Gupta opposes power market reform
Energy provider Simec will oppose new rules expanding the options for big power users to directly sell electricity into the wholesale market.
Billionaire Sanjeev Gupta’s Simec Energy will oppose new rules expanding the options for big power users to directly sell electricity into the wholesale market, amid concerns the move will raise costs and add unnecessary regulation.
A move to open up a demand-response mechanism to the wholesale market has been proposed to allow large consumers of power to receive a financial benefit from cutting their own use when demand and wholesale prices are high, sending surplus energy back to the east coast’s electricity network. If a draft rule by the electricity rule-maker proceeds, it will also likely bring into the market a raft of new demand aggregators, who may look to bring together a club of big power users and bid their combined capacity into the power system.

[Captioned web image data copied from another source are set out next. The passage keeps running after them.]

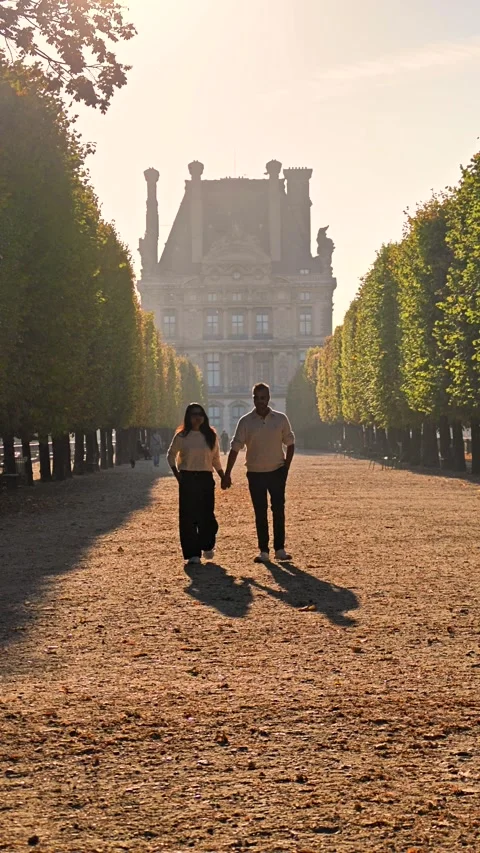 Couple holds hands while strolling through Tuileries Garden in Paris, France Video stock 347997756
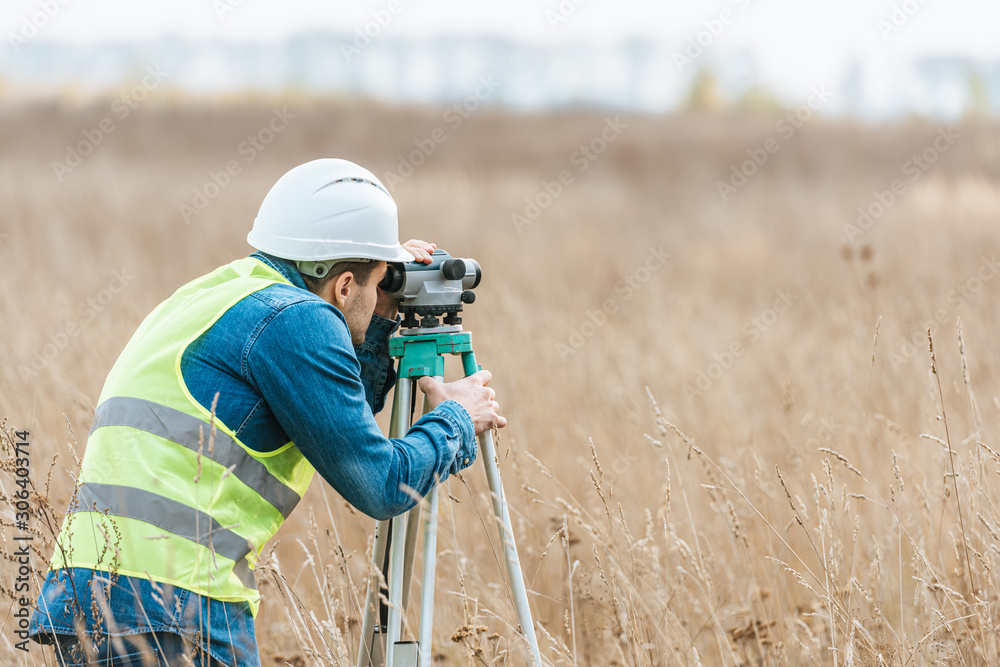 Wall mural Surveyor with digital level working in field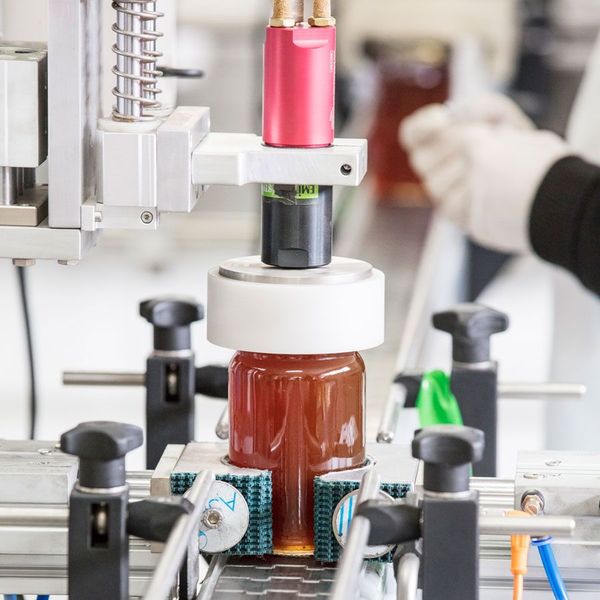 A photo of a jar of honey being filled at a food production facility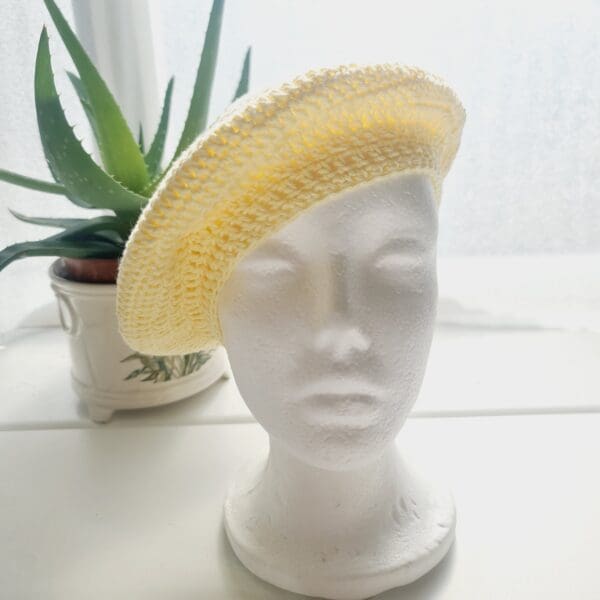 Detailed view of the yellow cotton crochet beret. The edge shows a neat, finished crochet stitch, highlighting the craftsmanship from Sarah Lou Crafts. The texture of the yarn is prominent.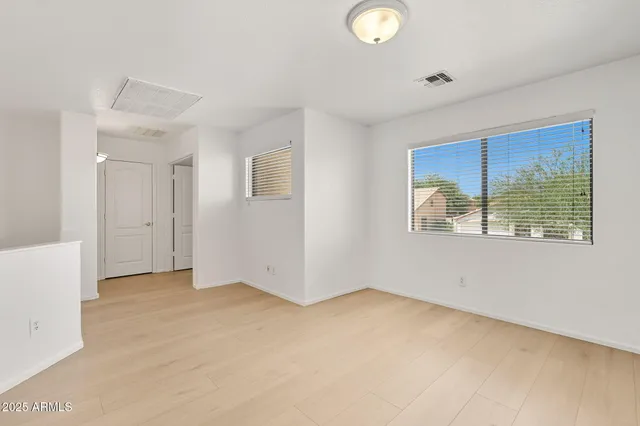 an empty room with windows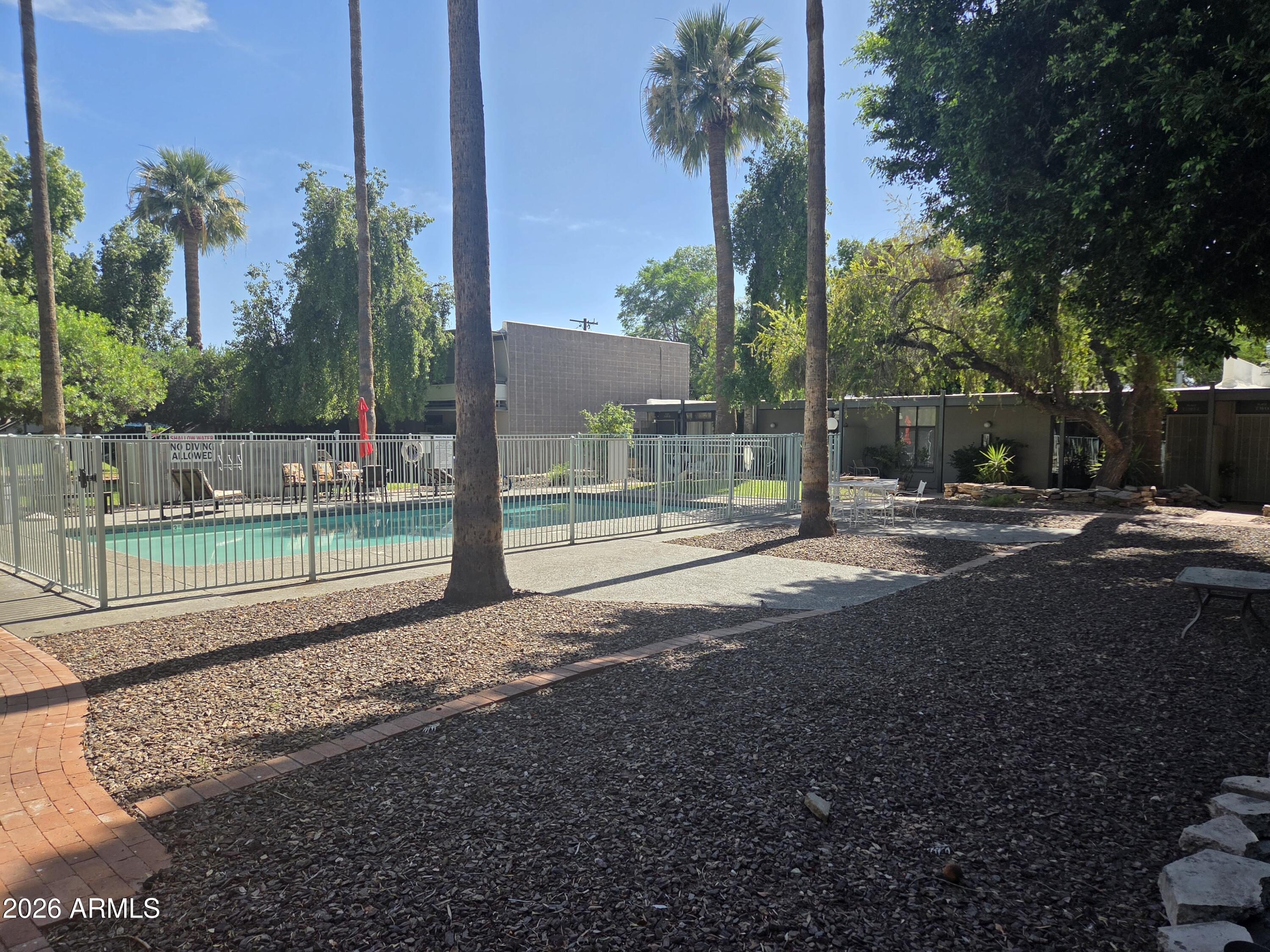 1101 East Bethany Home Road, Unit 7 Phoenix, AZ 85014 - Photo 13 of 14 a backyard of a house with lots of green space
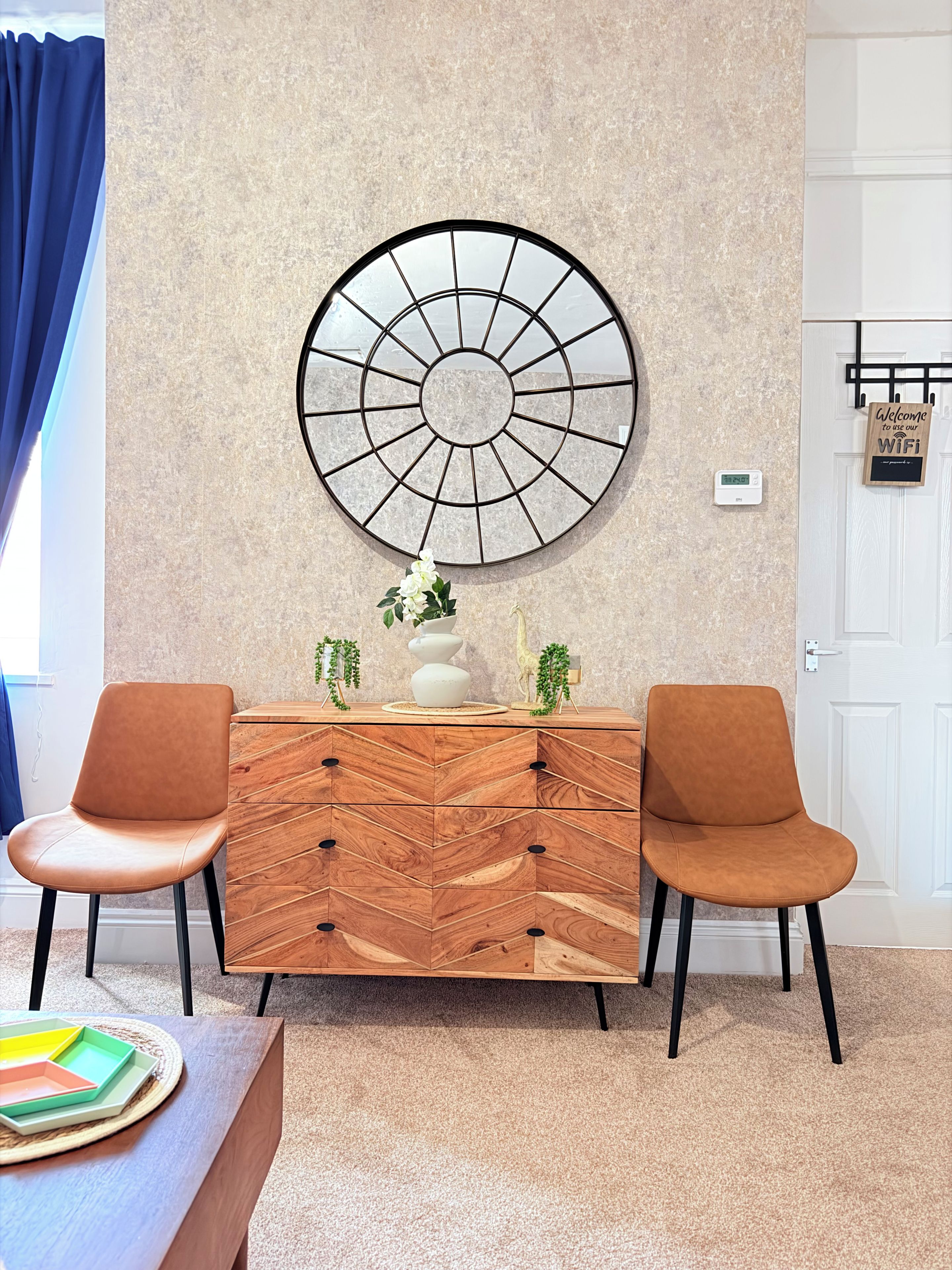 A modern room with a herringbone-patterned wooden dresser, two matching chairs, a large wall-mounted circular artwork, and a door with a welcome sign.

Simec Energy — the power retailer to big users including the South Australian government — will today tell a public hearing of the Australian Energy Market Commission that, while it supports demand response, it is opposed to the proposed rule change.
“Fundamentally, Simec considers that pushing this market reform on top of market participants already active in this space could impede efficient market development and diminish efficient market outcomes,” Simec chief executive Marc Barrington will tell the AEMC. “I am a firm believer that the free operation of markets — and ensuing competition — will deliver the best outcomes for end-use customers and not additional regulation.”
Simec will tell the AEMC that the planned rule change is unlikely to deliver significant demand-response scale from customers and will incur significant transaction and administrative costs.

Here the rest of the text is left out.